» **Work request**: Everything from the line containing "Snapshot of calishop1" through the final line of the entries must be repeated exactly, and only that, without pictures.

» **Input data**:
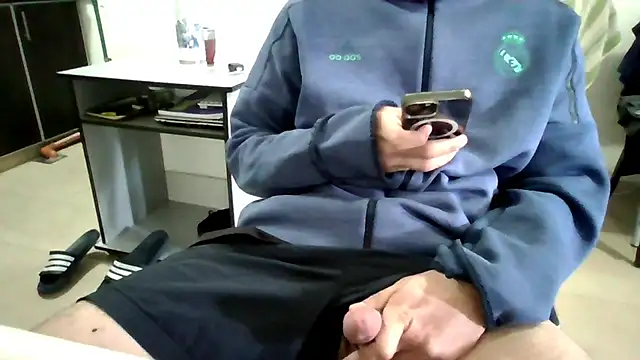 Snapshot of Morboxxxoo chatting on 04-27-26, 03:32 Morboxxxoo online show from 04-27-26, 03:32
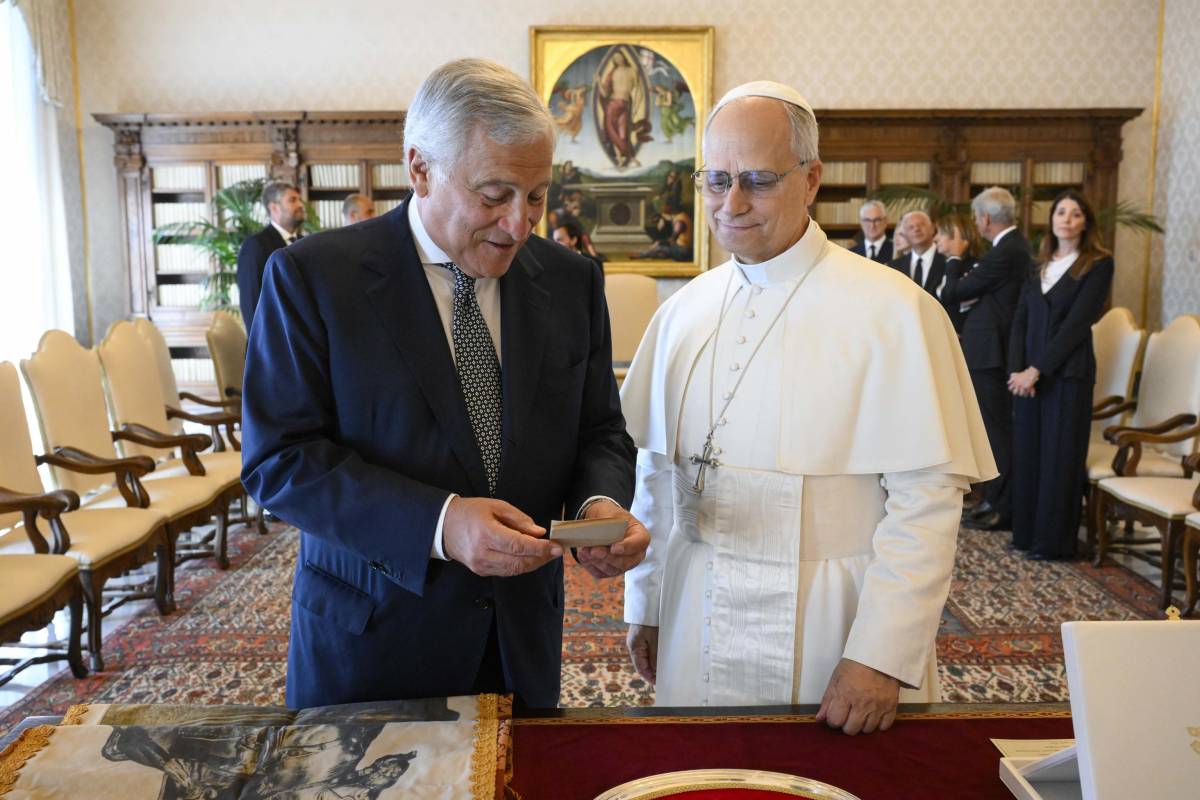 Dall'incontro col Papa ai duelli con Salvini: la lunga estate di Tajani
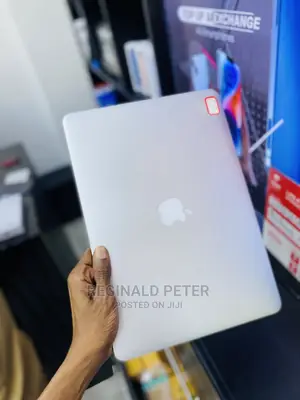 Laptop Apple MacBook Air 2011 4GB Intel Core I5 SSD 128GB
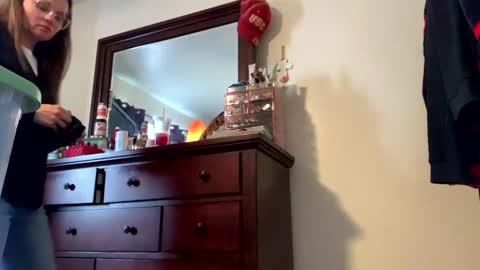 Snapshot of calishop1 chatting on 02.19.25 calishop1 online show from 02.19.25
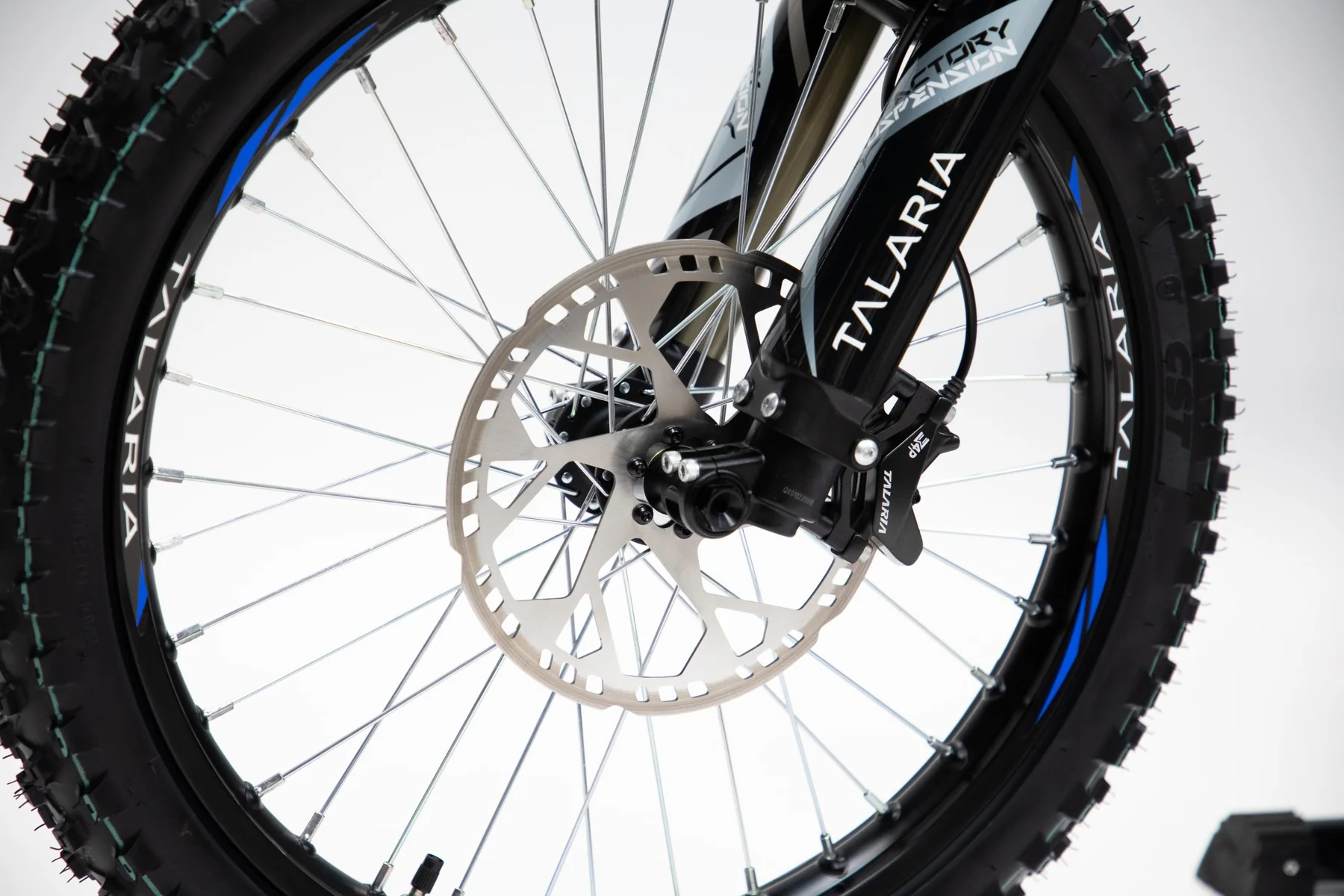 0N6A8659-scaled_1800x1800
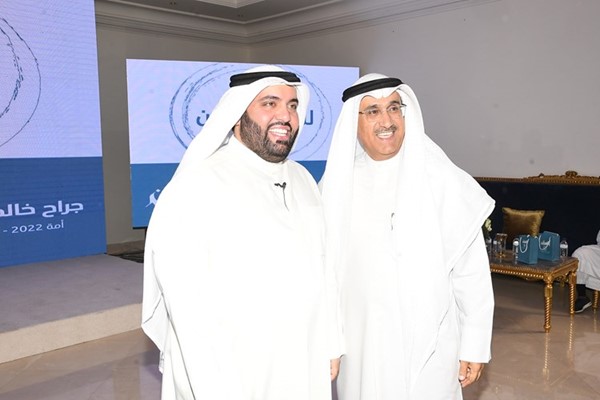 جراح الفوزان مع احد الحضور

» **Result below**:
 Snapshot of calishop1 chatting on 02.19.25 calishop1 online show from 02.19.25
 0N6A8659-scaled_1800x1800
 جراح الفوزان مع احد الحضور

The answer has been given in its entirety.